> _INFORMATION SUPPLIED_
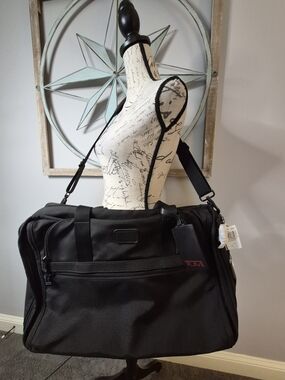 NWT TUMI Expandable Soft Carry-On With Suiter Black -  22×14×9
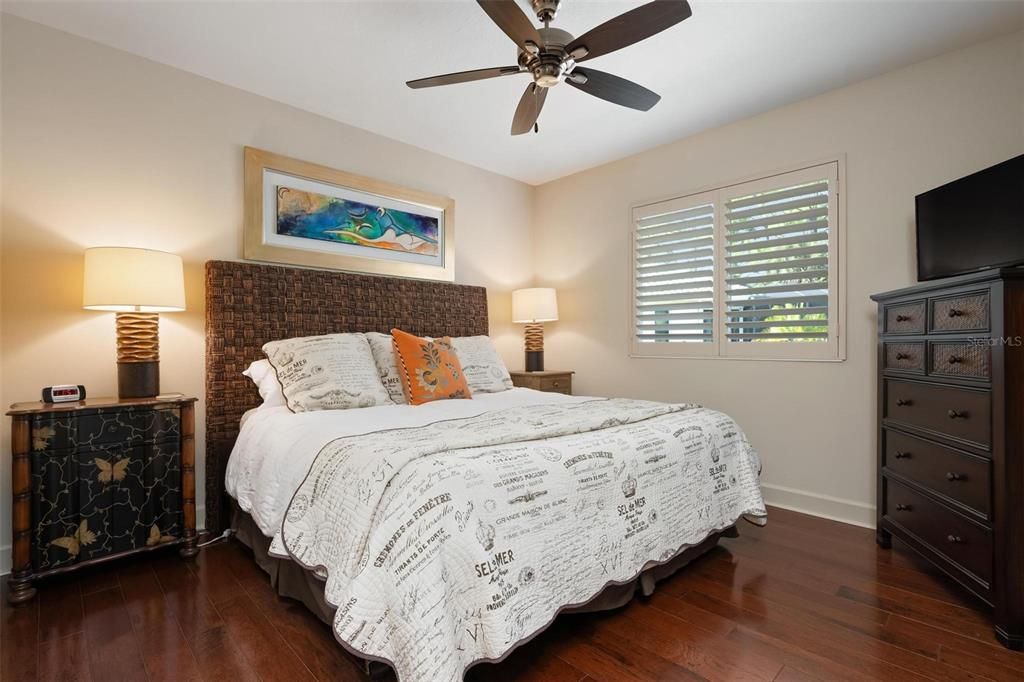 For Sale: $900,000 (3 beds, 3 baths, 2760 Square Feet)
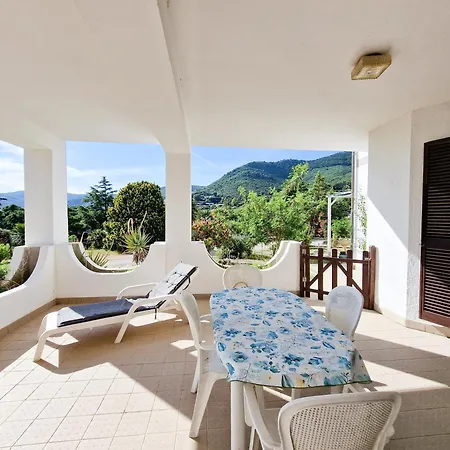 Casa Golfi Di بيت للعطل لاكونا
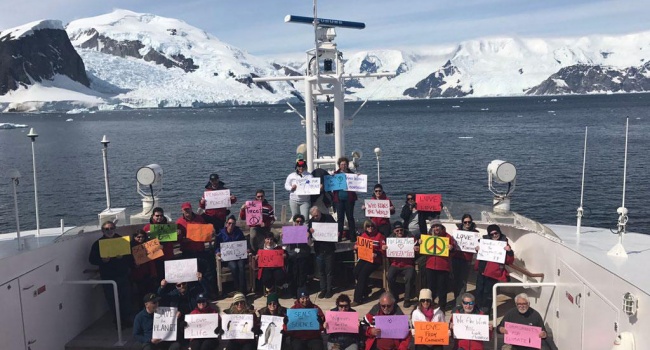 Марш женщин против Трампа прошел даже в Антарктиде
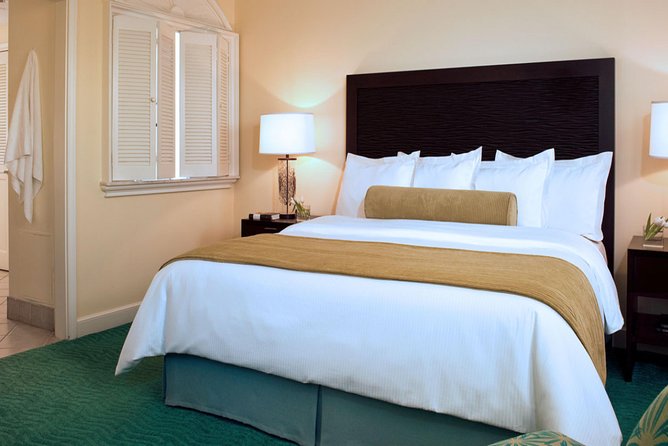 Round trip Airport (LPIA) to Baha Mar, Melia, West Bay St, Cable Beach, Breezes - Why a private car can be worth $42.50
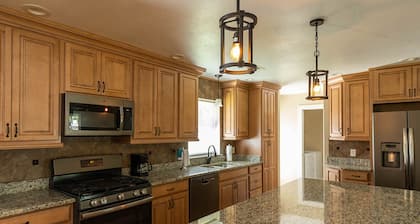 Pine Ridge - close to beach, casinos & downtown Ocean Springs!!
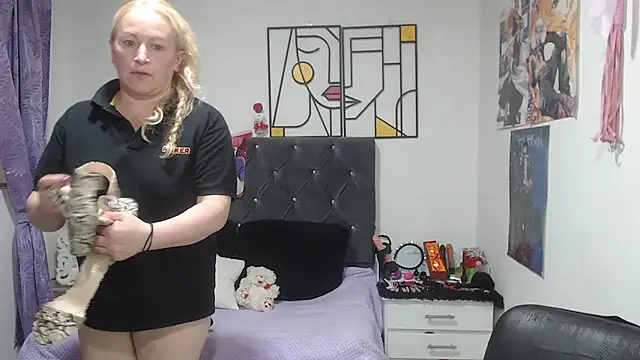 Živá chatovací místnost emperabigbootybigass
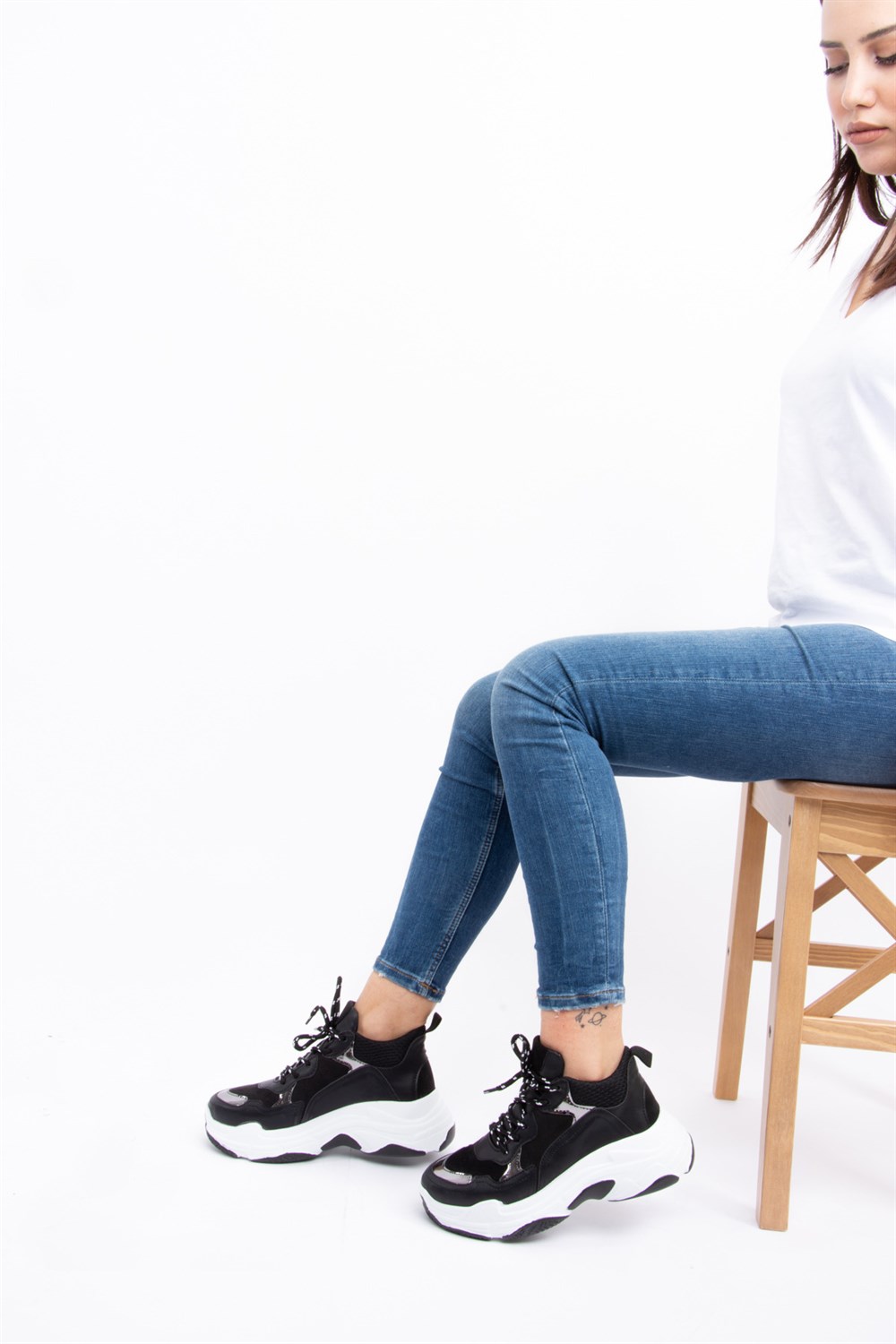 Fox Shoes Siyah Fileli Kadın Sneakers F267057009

* * *

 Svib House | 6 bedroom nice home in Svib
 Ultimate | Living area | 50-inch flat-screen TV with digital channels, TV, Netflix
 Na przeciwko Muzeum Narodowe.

> _WHAT YOU ARE ASKED TO DO_
Give again the stretch of lines above from the one with "Živá chatovací místnost emperabigbootybigass" through the one with "Fox Shoes Siyah", both ends kept, and copy no pictures.

> _FINAL ANSWER_
 Živá chatovací místnost emperabigbootybigass
 Fox Shoes Siyah Fileli Kadın Sneakers F267057009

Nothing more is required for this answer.